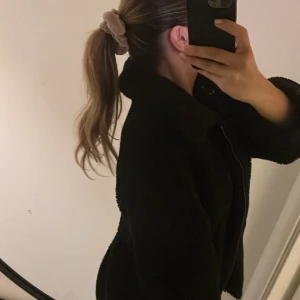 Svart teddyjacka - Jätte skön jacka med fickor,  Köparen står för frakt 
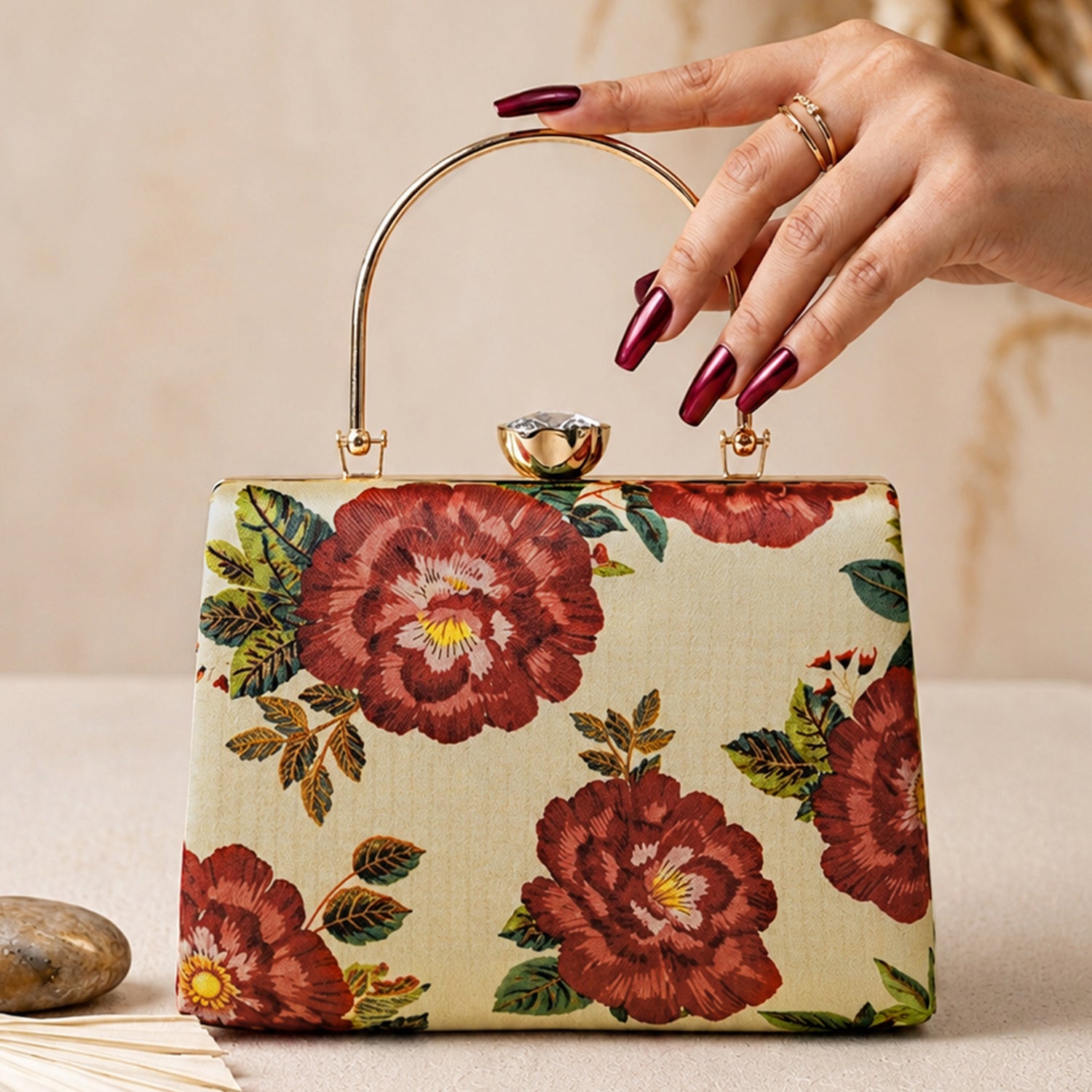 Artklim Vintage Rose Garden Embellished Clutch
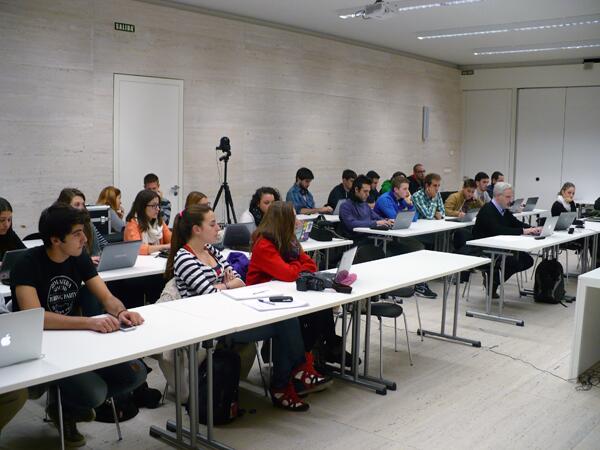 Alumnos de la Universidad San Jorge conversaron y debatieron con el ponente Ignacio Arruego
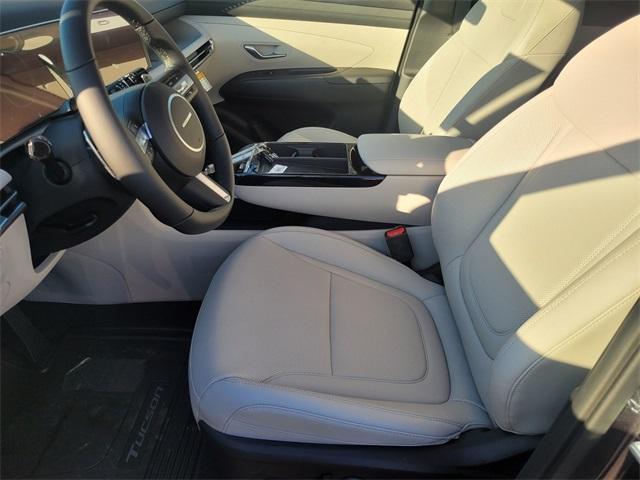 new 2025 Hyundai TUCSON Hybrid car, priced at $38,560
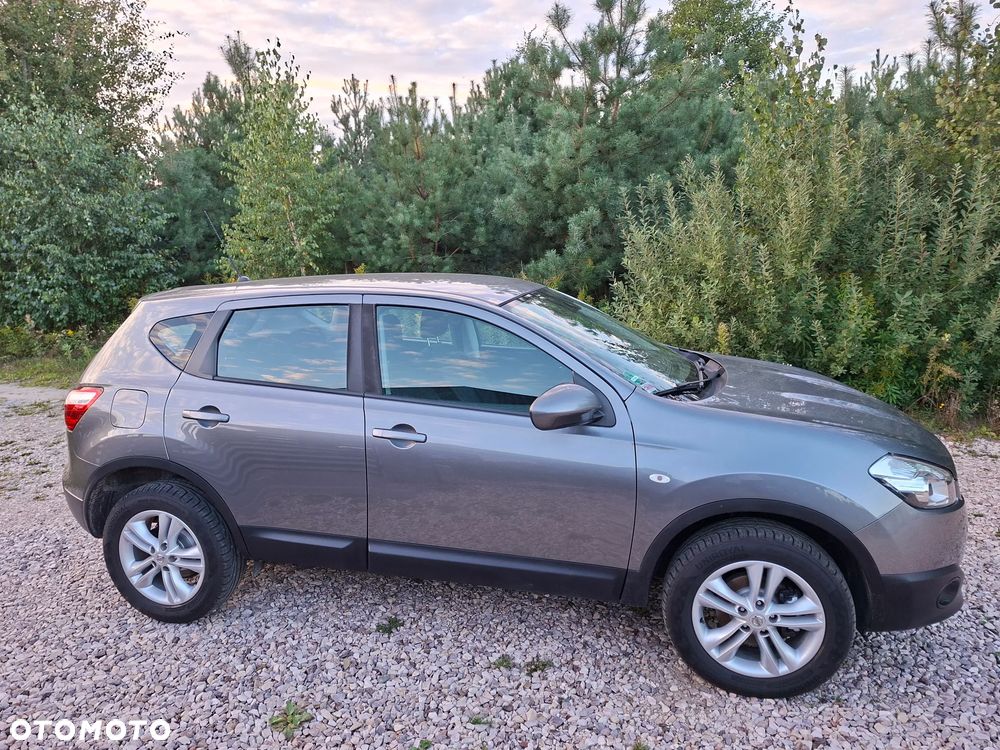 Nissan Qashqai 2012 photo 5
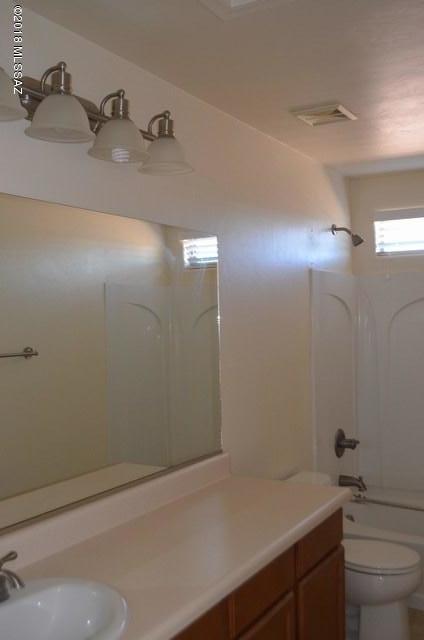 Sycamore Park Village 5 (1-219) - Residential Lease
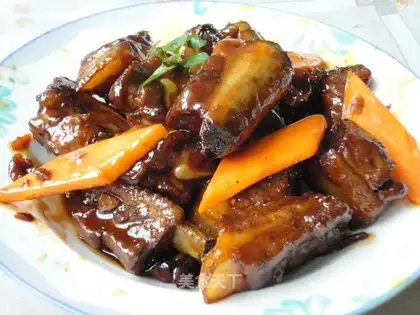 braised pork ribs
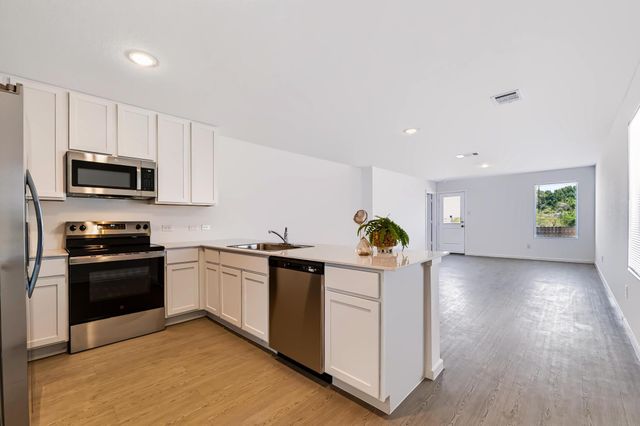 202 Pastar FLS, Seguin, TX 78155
************
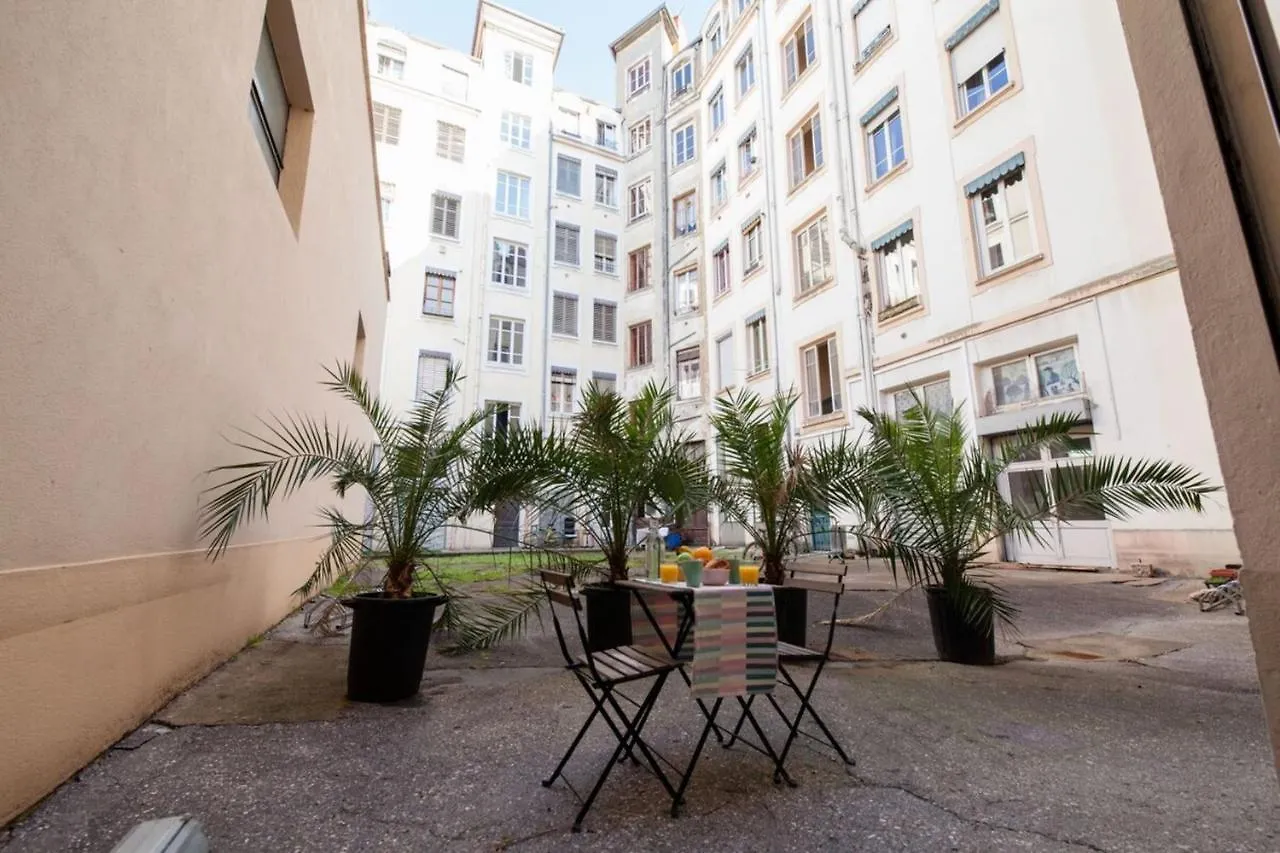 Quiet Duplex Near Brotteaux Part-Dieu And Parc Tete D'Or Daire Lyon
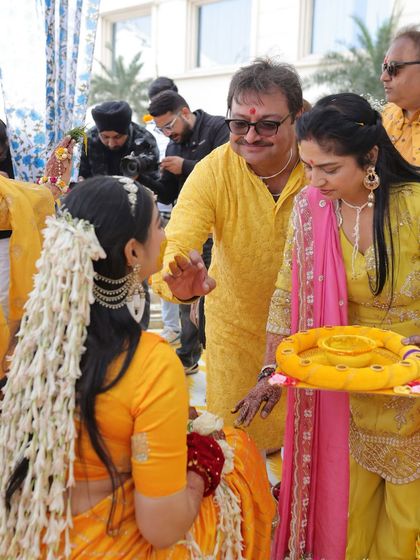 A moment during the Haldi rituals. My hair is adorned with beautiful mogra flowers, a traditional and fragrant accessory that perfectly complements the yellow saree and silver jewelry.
************
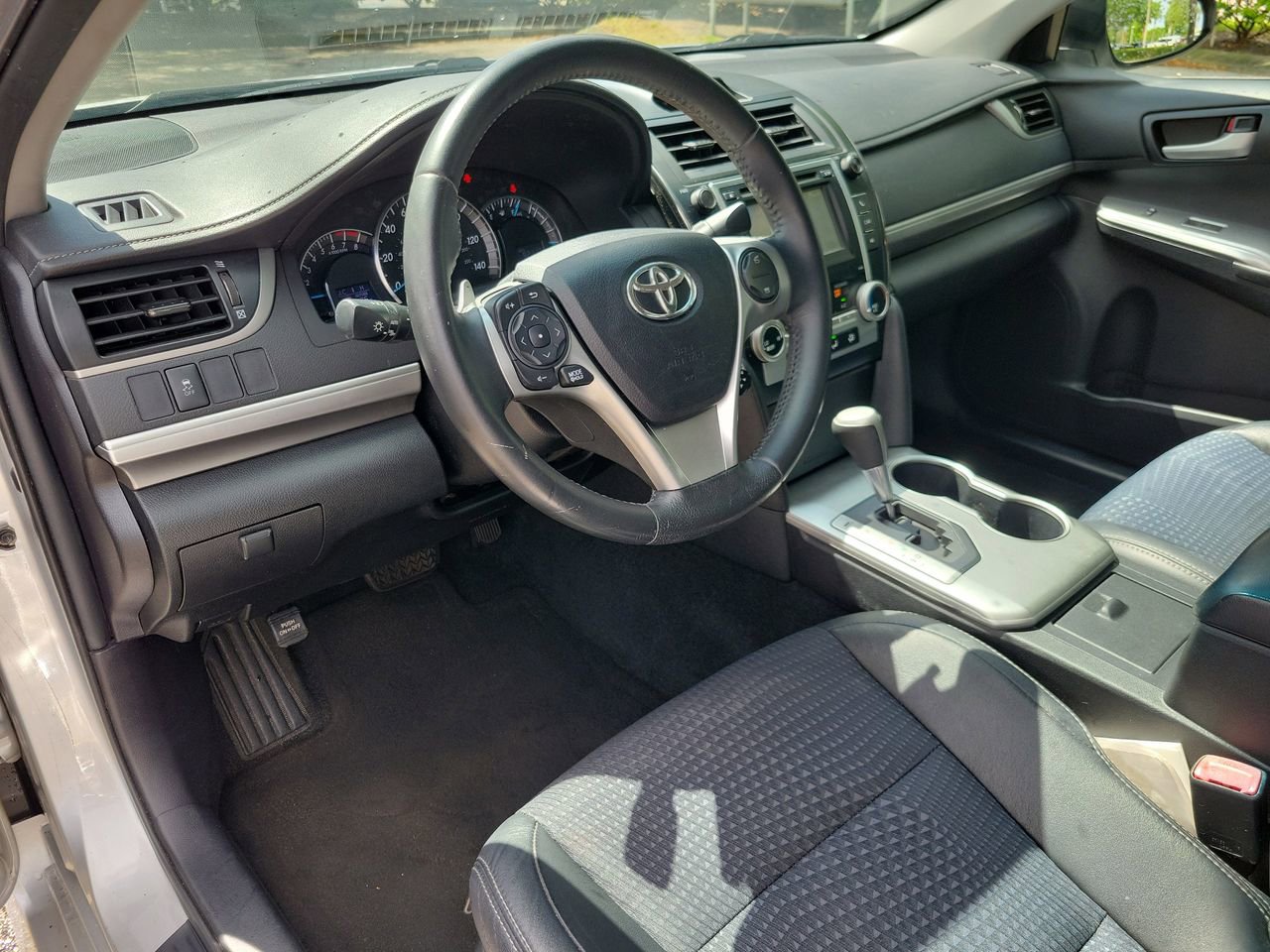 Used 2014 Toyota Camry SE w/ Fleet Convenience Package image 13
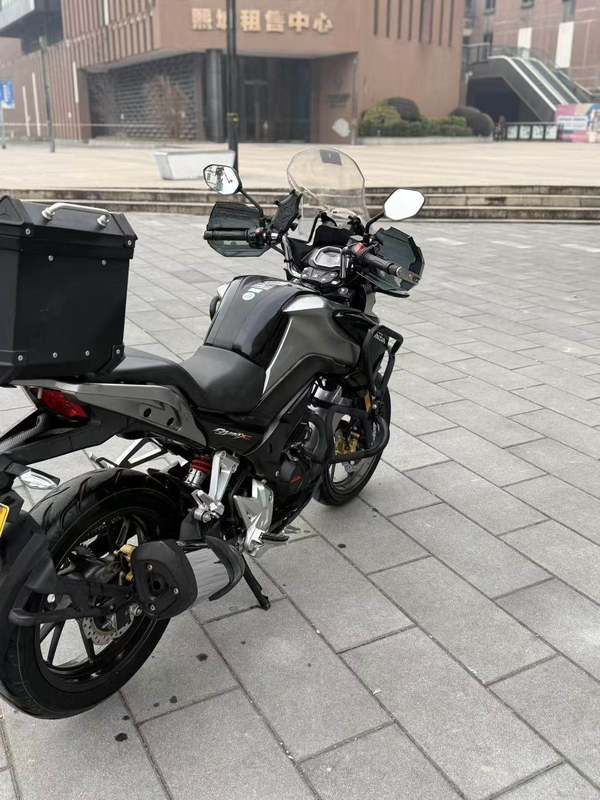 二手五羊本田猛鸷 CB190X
************
To do:
All pictures are to be skipped. Output, word for word, the lines in the data above starting at the line containing "Svart teddyjacka - Jätte" and ending at the line containing "new 2025 Hyundai".

Answer space:
 Svart teddyjacka - Jätte skön jacka med fickor,  Köparen står för frakt 
 Artklim Vintage Rose Garden Embellished Clutch
 Alumnos de la Universidad San Jorge conversaron y debatieron con el ponente Ignacio Arruego
 new 2025 Hyundai TUCSON Hybrid car, priced at $38,560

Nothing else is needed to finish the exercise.